How does this affect our worship? Pause to consider what you owe God. If “everything” does not come to mind, then think again. Now, contemplate how God owes nothing to anyone; no one holds Him in debt. Yet this same God has given freely to you! Can you be silent in the face of such generosity, especially when it comes to saving grace?
The doxology ends with a summary declaration. It looks at the foundation of every detail in our lives and the universe. It considers the means that the universe and all within it functions. And it reveals the grand aim of everything in existence. “For from Him and through Him and to Him are all things. To Him be the glory forever. Amen.” Three little prepositions take us from the origin of all things in God, to the sustaining of all things by God, and finally to the purpose for all things existing for His glory. Whether we see it or not, whether scientists have discovered it or not, whether we understand it or not—everything has its existence in the Lord; and everything has its ultimate purpose for His glory.

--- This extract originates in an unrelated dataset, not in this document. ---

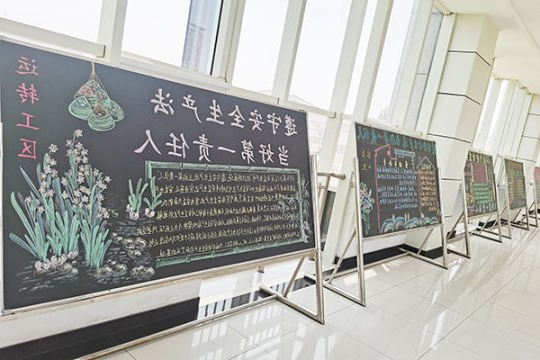 金桥煤矿：黑板画安全 红线记心间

Take a look back at the declaration of the gospel as the righteousness of God, the explanation of the sinfulness of humanity, the gracious act of God propitiating His own just demands through the death of His Son, the assurance of sanctification and glorification for those redeemed by Christ, the electing grace of God, and finally, God returning in mercy to do a saving work among the Jewish people. There is one reason for all these things: the glory of God forever. Is His glory the aim of your life? “For from Him and through Him and to Him are all things. To Him be the glory forever. Amen.”